Pressed on concerns of how a leak of the apparent CCTV footage from Mr Hancock’s private office was leaked to the media, cabinet minister said the Whitehall department will be “looking into” the matter.
The Northern Ireland secretary told Sky News the government needed to “understand exactly how that was recorded and how it got out of the system”, stressing it was an issue “we need to get the bottom of” due to the “sensitive and important” work occurring in government offices.
“Yes I do know that is something the Department of Health will be taking forward as an internal investigation and let them have the space to do that to understand how this happened to ensure this type of situation can’t happen again,” he added.
Stills of the footage — showing Mr Hancock embracing and kissing aide Gina Coladangelo, who is on the government payroll — were first published in The Sun newspaper on Friday, before a video of the encounter at DHSC was also released.

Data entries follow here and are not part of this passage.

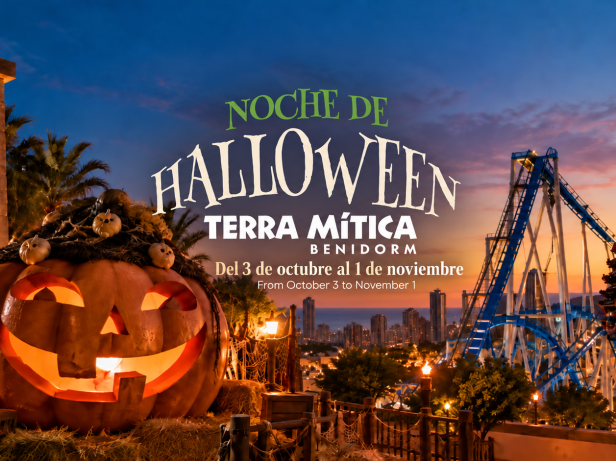 Terra Mítica halloween Valencia and Go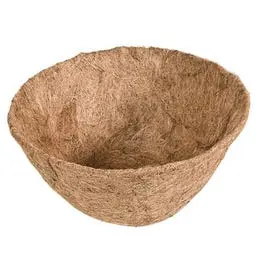Round Coco Coir Planter Liner, 7 x 10 Inches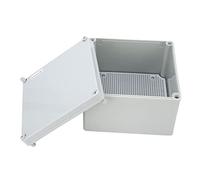 Waterproof Outdoor Junction Box, IP67 ABS Plastic Electrical Enclosure, Impact Resistance and Electrical Insulation Electrical Engineering Case for Various DIy Projects(200 X 200 X 130Mm)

According to the Mail on Sunday, the former cabinet minister’s allies said they had no idea the cameras existed in the office.
On Sunday, ex-cabinet ministers Alan Johnson and Rory Stewart both said there had never been cameras in their offices during their time in government.
“I could never understand why there was a camera in the secretary of state’s office,” Mr Johnson said. “There was never a camera in my office when I was health secretary or in any of the other five cabinet positions.”
Mr Stewart, who was international development secretary from May to July 2019, said in a tweet: “I definitely did not know that there were cameras in any of my ministerial offices (in fact I was told – when I asked if there were any cameras – that there were not cameras in my office in DfiD).”
He added: “If it were a departmental camera – perhaps focused on the door for security reasons – then it would be seen by the security officers.
Earlier this weekend, the Metropolitan Police said it was “aware of the distribution of images alleged to have been obtained within an official government premises”.
But the force added: “No criminal investigation has been launched. At this time this remains a matter for the relevant government department.”
Labour is also urging the government to investigate the appointment of Ms Coladangelo, a friend of Mr Hancock’s from the University of Oxford, as a non-executive director at the department, and whether any conflicts of interest were recorded.